Batteries Should not go in Garbage-True or False?
Have you ever wondered whether batteries should be disposed along with the rest of the ordinary home garbage? If so then take heart because you are not alone. It’s true that most people are aware that batteries can be recycled. However, very few among them know for certain that practically all variants of the battery are 100% recyclable. If you still have doubts regarding the assertions made above then read on to learn more.

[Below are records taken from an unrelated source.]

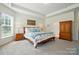 Spacious bedroom with tray ceiling, wooden furniture, and plenty of natural light from multiple windows at 12512 Journeys End Trl, Huntersville, NC 28078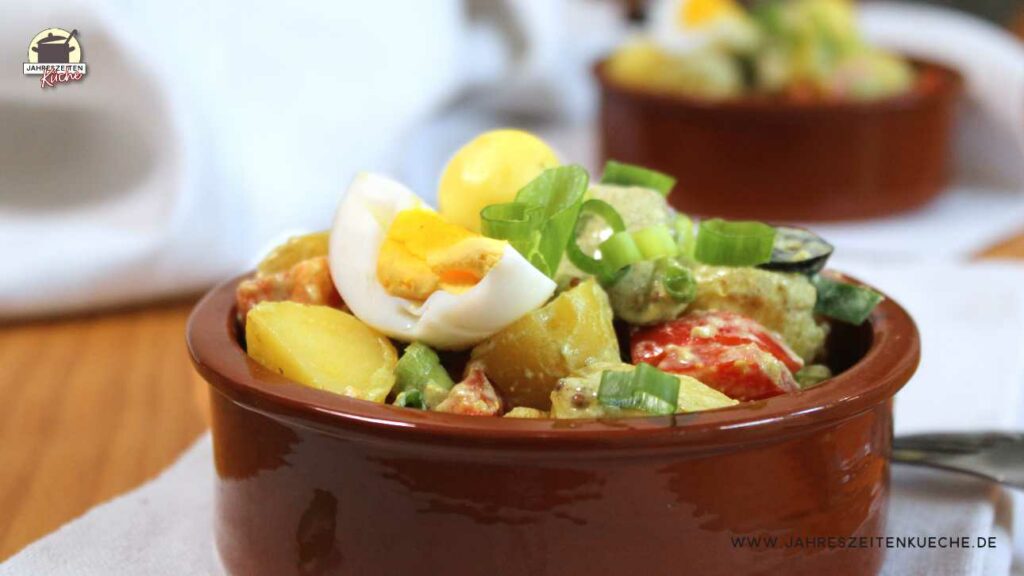 2 Steingutschalen mit Pellkartoffelsalat, auf denen ein Viertel Ei liegt.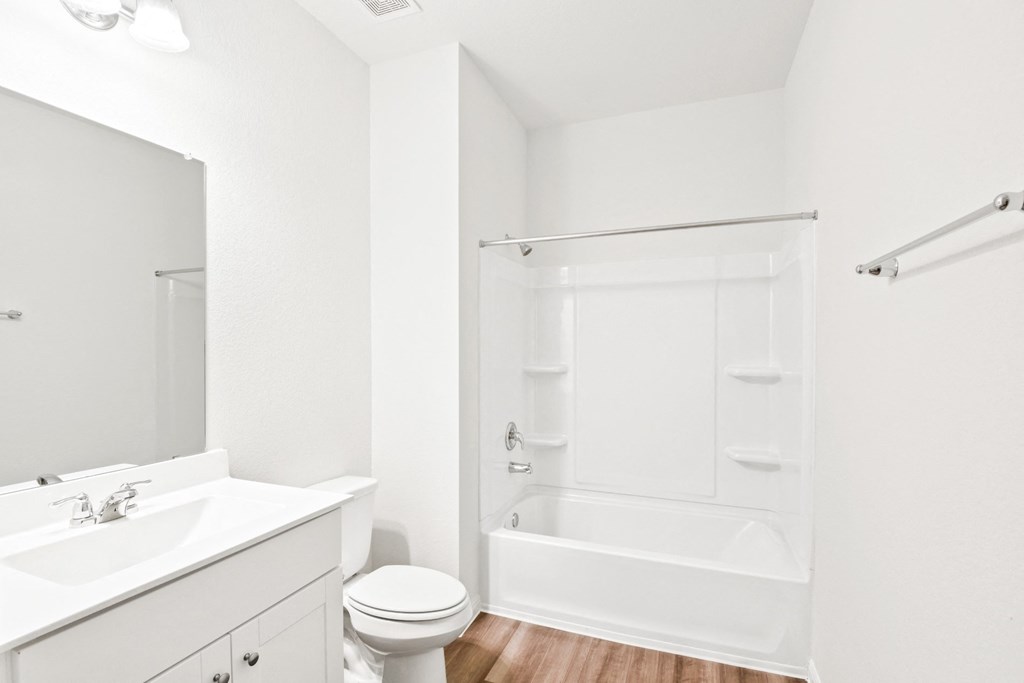 a bathroom with a sink toilet and shower at Beacon at Meridian, San Antonio, TX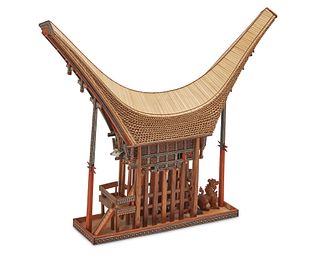 A polychromed wood and bamboo model of a Torajan spirit house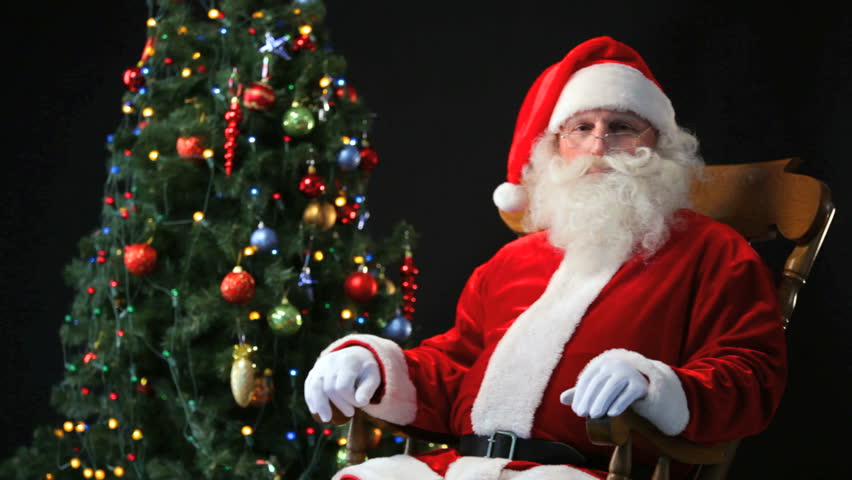 Santa Claus Sitting In A Rocking-chair With A Christmas Tree In The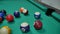 game of billiards with colored and numbered balls. 8 ball. green table and moving balls with billiard cue. panning the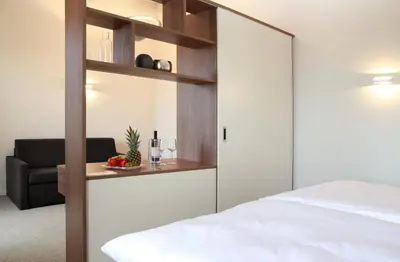 Ein Bett oder Betten in einem Zimmer der Unterkunft Best Motel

There are over eight different types of battery all of which are 100% recyclable. This means that 100% of the materials used in making each type of battery are recovered and used to make new batteries or some other product. What follows is a brief description of some of the more common battery types and how they are recycled.
- Zinc-Carbon Battery
This battery type has a long history of use because it was among the first to be mass produced. The D size version was and is still used to power toys, hand-held torches and a variety of small gadgets. Batteries are broken apart during the first stage of the recycling process. Automated sorting gives carbon rods, manganese oxide powder, zinc casings and paper. The four constituents are then reused to making new batteries.
- Lithium ion Battery
The lithium ion battery gained popularity with the advent of the mobile phone. This battery is now found in smart phones, tablets, laptops and high end toys. During recycling, mechanical hammers pound the batteries to pieces. The metals are separated on the basis of their varying melting points and then cast into ingots and the plastic into pellets. The plastic and metal ingots are then used in the manufacture of new batteries or other products.
- Nickel-Cadmium Battery
This was the first mass produced rechargeable battery. The AAA and AA size versions are used mainly in TV remotes and high end toys. During recycling the batteries are mechanically broken apart. The plastic is molten and reformed into pellets while the metals are separated by thermal treatment and cast into ingots. The plastic pellets and metal ingots are then used in making new batteries.
All in all, each of the eight battery types is recycled in a manner similar to those explained above. Therefore instead of putting batteries with the rest of the garbage, you should put them in a small plastic bag and then leave it next to the garbage. You will make it easier for waste collection crews to segregate the batteries from the garbage for recycling.